_Task to carry out_.
Line by line, repeat the material below exactly and leave the images out.

_Data excerpt_.
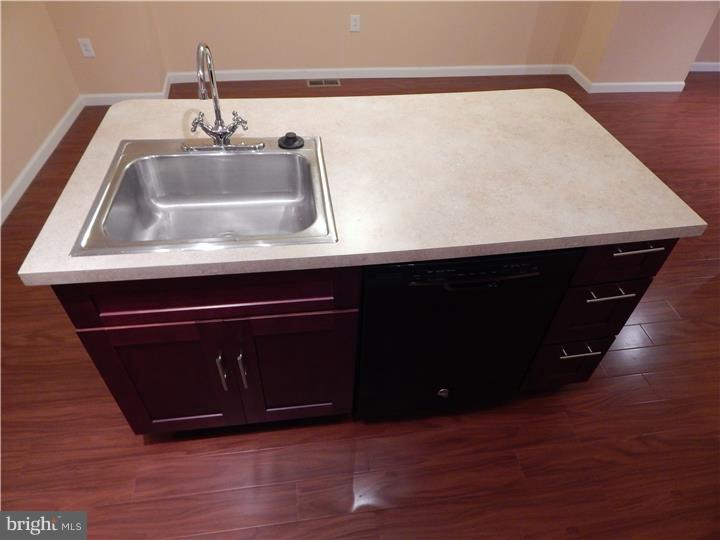 5847 Brush Road Philadelphia, PA 19138 - Photo 8 of 25 Kitchen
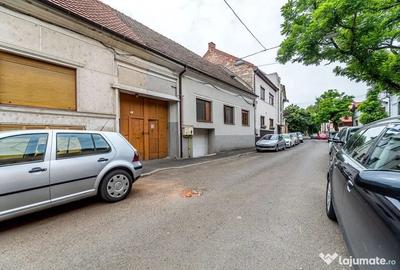 Casă cu 6 camere cu Teren 558 Mp în Central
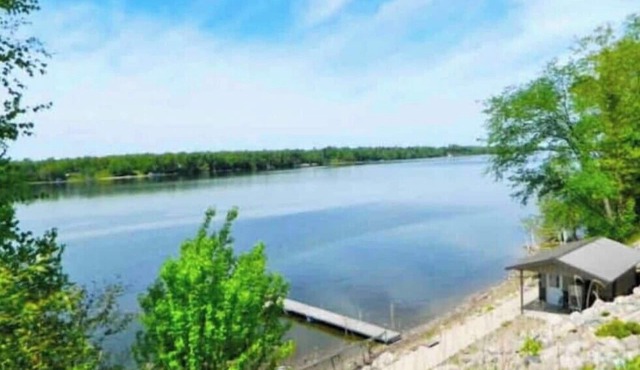 Fun cozy cabin on Pokegama excellent location!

_Result_.
 5847 Brush Road Philadelphia, PA 19138 - Photo 8 of 25 Kitchen
 Casă cu 6 camere cu Teren 558 Mp în Central
 Fun cozy cabin on Pokegama excellent location!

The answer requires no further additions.